STORY: In a further sign that the U.S. economy is slowing, retail sales fell more than expected in December, pulled down by declines in purchases of motor vehicles and a range of other goods.
That puts consumer spending and the overall economy on a weaker growth path heading into 2023.
But in the current bad-news-is-good-news climate on Wall Street, investors in early trading Wednesday welcomed the news – and sent stocks higher on the hope that the broad drop in sales, together with subsiding inflation, would encourage the Federal Reserve to further scale back the pace of its interest rate increases next month. The U.S. central bank is engaged in its fastest rate hiking cycle since the 1980s.

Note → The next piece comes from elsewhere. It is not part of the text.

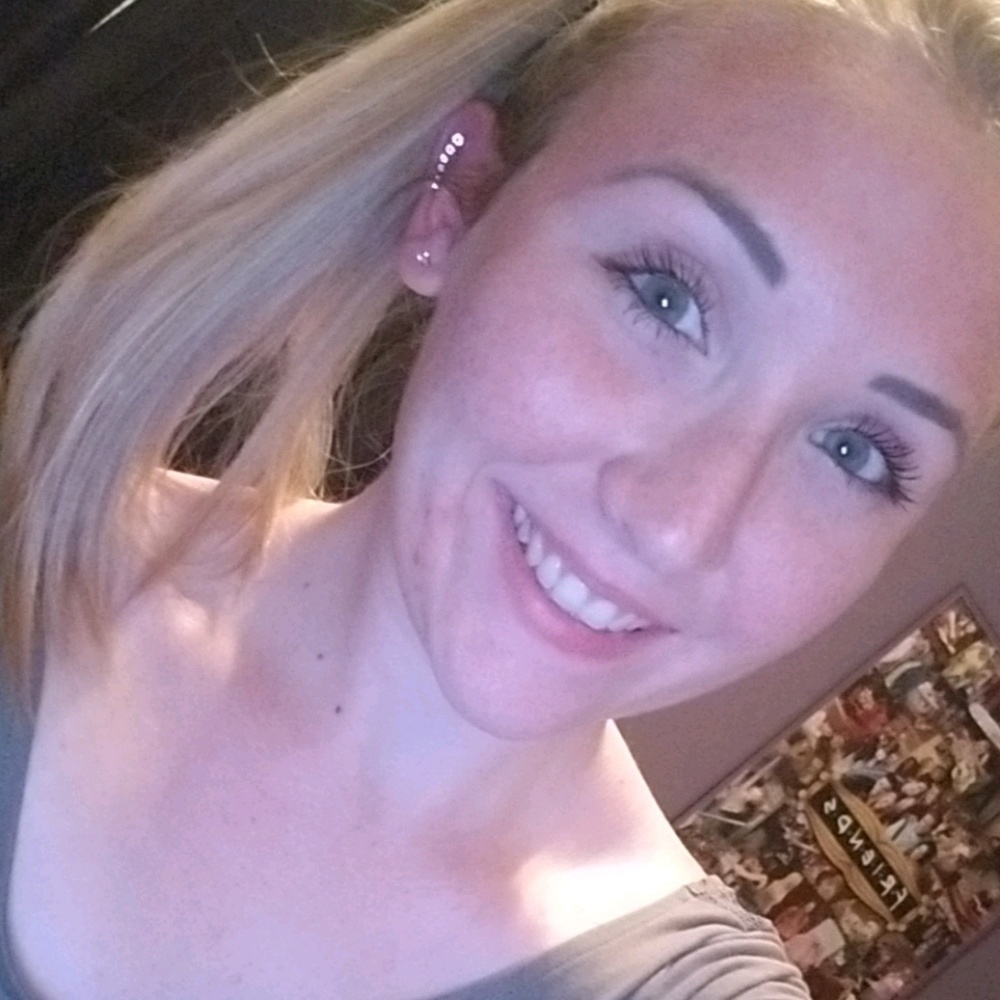 Meet your Posher, Joanna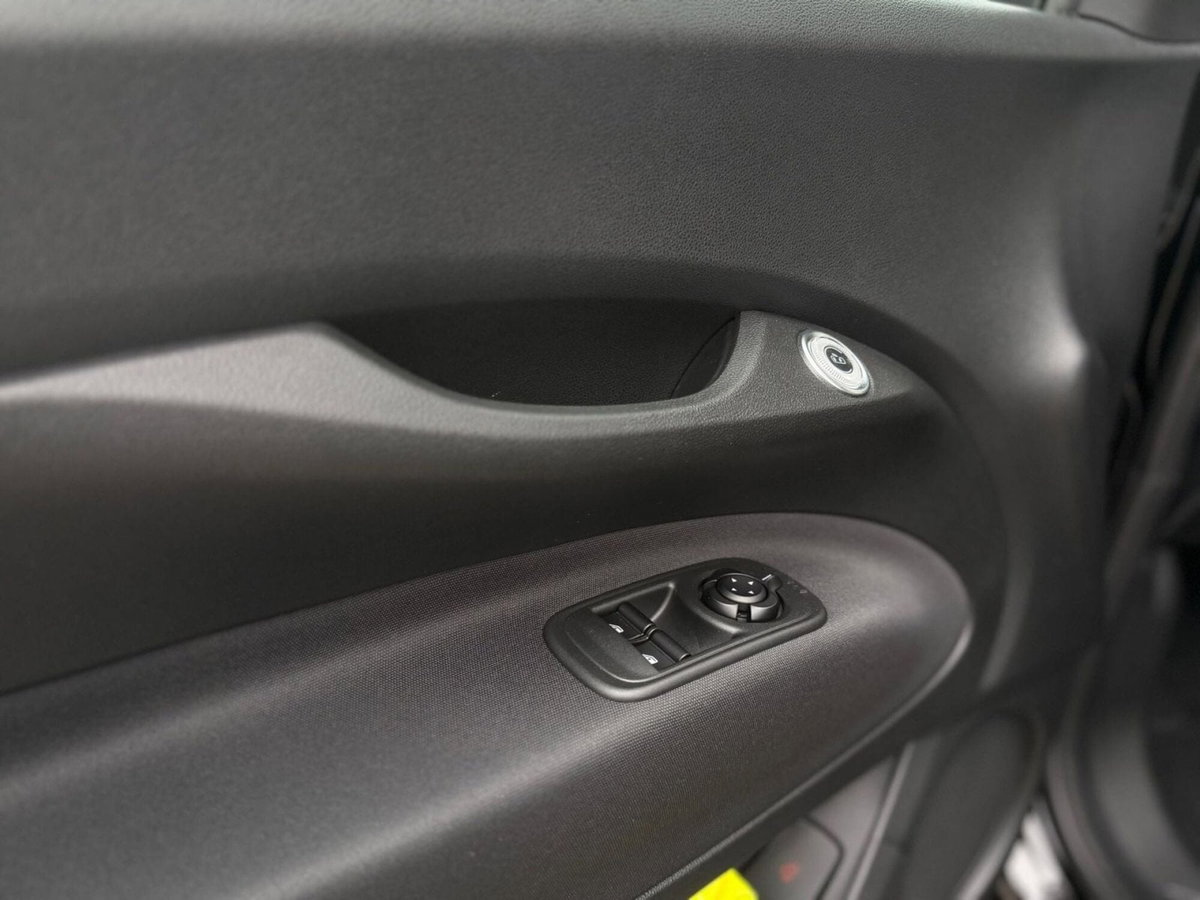 Fiat 500 1.0 hybrid La Prima (8)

Retail sales are mostly goods and are not adjusted for inflation. December’s numbers – which declined 1.1% overall – showed that few categories were immune. Auto sales fell 1.2%, while receipts at service stations tumbled 4.6%. Online retail sales dropped over a percent, as did electronics and appliance store sales. Furniture plummeted 2.5%.
Among the outliers: sales at sporting goods and book stores, which edged up fractionally, as did building material and garden equipment suppliers.
December's decline was likely in part the result of goods prices falling during the month. Holiday shopping also began as early as October for some inflation-weary consumers who took advantage of early discounts.
Data for November was also revised to show retail sales dropping 1.0% instead of .6% as previously reported.